──────── Input records ────────
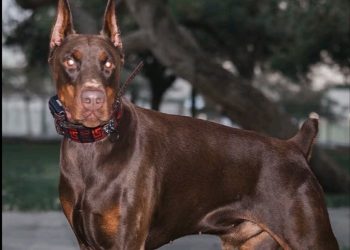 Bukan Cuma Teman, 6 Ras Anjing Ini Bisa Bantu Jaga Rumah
────────
──────── Input records ────────
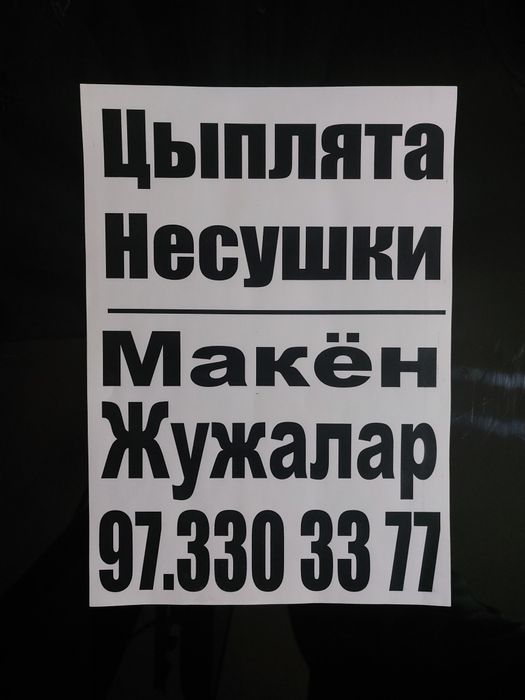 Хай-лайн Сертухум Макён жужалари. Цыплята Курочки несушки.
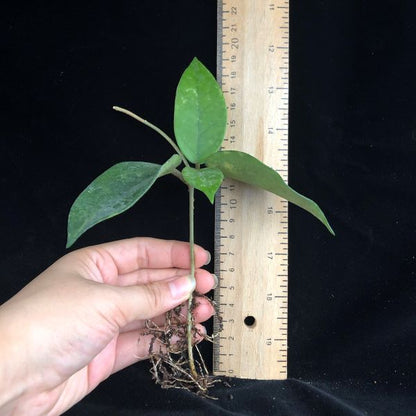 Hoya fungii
────────
▶ _Work request_
What you return must match the lines above from the one with "Хай-лайн Сертухум Макён" through the one with "Hoya fungii" exactly, with both ends included and the pictures excluded.

▶ _Answer for this exercise_
 Хай-лайн Сертухум Макён жужалари. Цыплята Курочки несушки.
 Hoya fungii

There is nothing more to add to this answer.